Два года спустя я написал Нэнси, попросив разрешения на использование в этой главе ее рассказа про интранаркозное пробуждение. В ответном письме она рассказала мне про свою дальнейшую судьбу: «Хотелось бы мне сказать, что та операция, на которой вы так великодушно согласились присутствовать, положила конец моим страданиям. К сожалению, это не так. Примерно полгода спустя я приняла два решения, которые оказались предусмотрительными. Я сменила когнитивно-поведенческую терапию на психодинамическую психотерапию, а также записалась на пилатес.
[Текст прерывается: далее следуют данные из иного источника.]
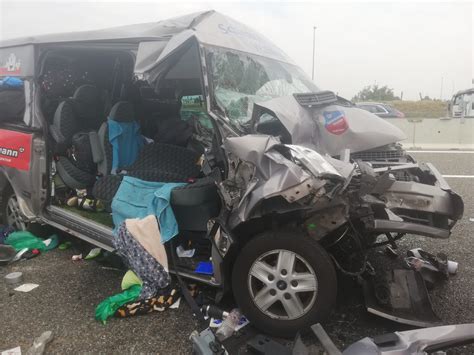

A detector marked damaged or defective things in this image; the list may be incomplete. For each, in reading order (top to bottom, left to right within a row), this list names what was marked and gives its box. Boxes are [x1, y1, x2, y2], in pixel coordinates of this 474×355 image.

shattered windshield [207, 46, 318, 126]
crumpled hood [254, 95, 406, 155]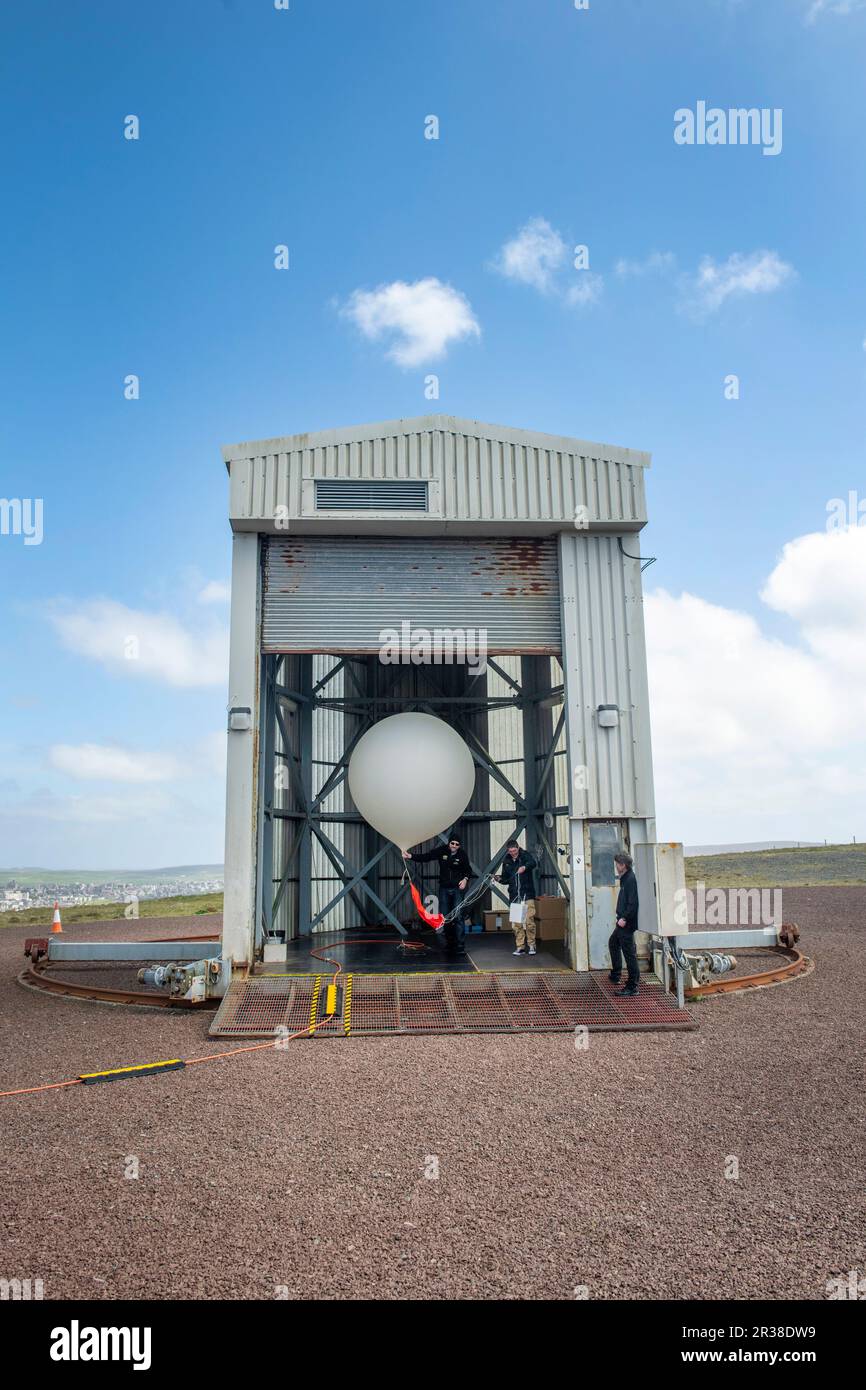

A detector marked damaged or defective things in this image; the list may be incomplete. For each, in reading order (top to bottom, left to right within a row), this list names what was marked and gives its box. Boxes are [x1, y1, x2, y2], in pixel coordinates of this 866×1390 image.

rusty shutter door [264, 536, 561, 656]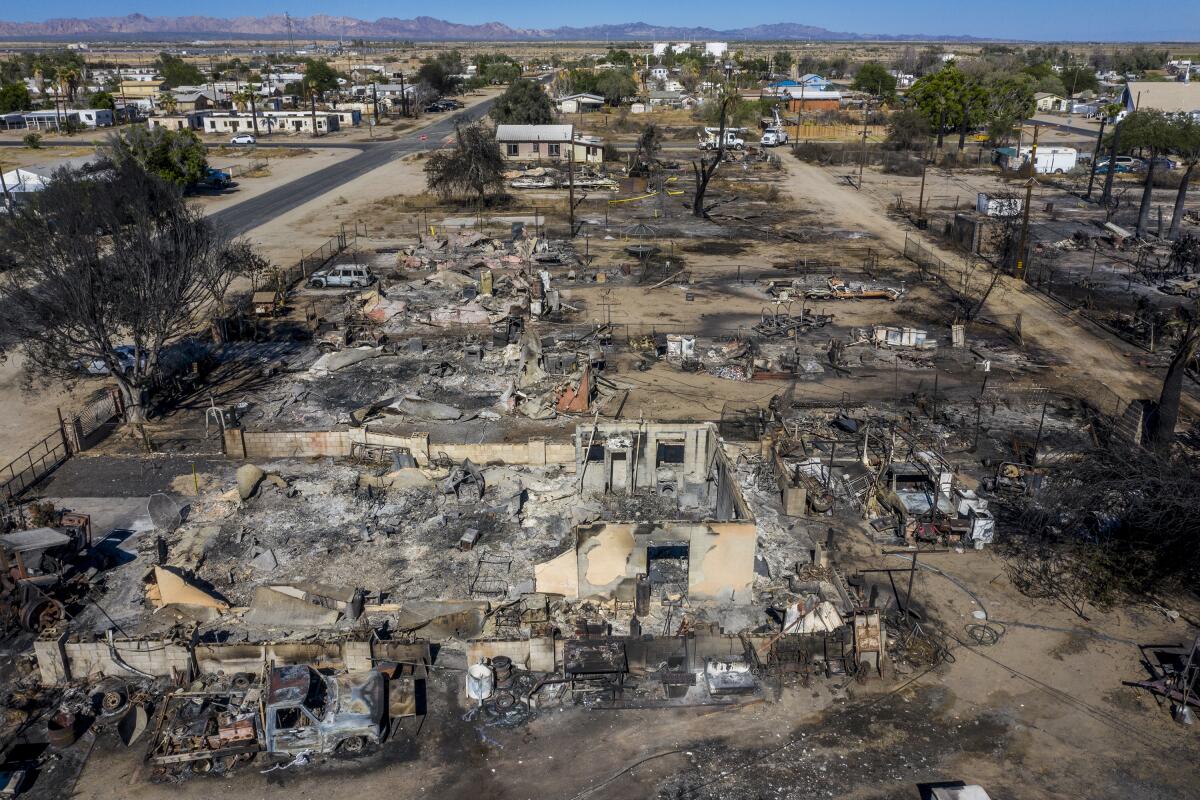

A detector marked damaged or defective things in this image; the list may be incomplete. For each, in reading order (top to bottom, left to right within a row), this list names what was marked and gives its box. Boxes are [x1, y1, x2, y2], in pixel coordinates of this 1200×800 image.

На одном из последних сеансов я спросила у своего психиатра, почему он не пытался вылечить меня, как это безрезультатно пробовали другие психотерапевты. Он сказал, что пришел к выводу – так как я справлялась с детьми и работой, – что мне хватит жизнестойкости, чтобы исцелиться самой, если он создаст для этого подходящую среду. Этот час раз в неделю стал для меня убежищем, где я постепенно поняла, что именно со мной случилось, после чего воссоздала цельный, умиротворенный образ себя самой. Пилатес помог мне восстановиться физически, а женщины, с которыми я тренировалась, охотно приняли меня и предоставили социальную поддержку, которой мне так не хватало в жизни после перенесенной травмы. Укрепив эти три составляющие – психологическую, физическую и социальную, – я создала чувство внутренней защищенности и контроля и привязала свои воспоминания к отдаленному прошлому, дав волю настоящему и будущему».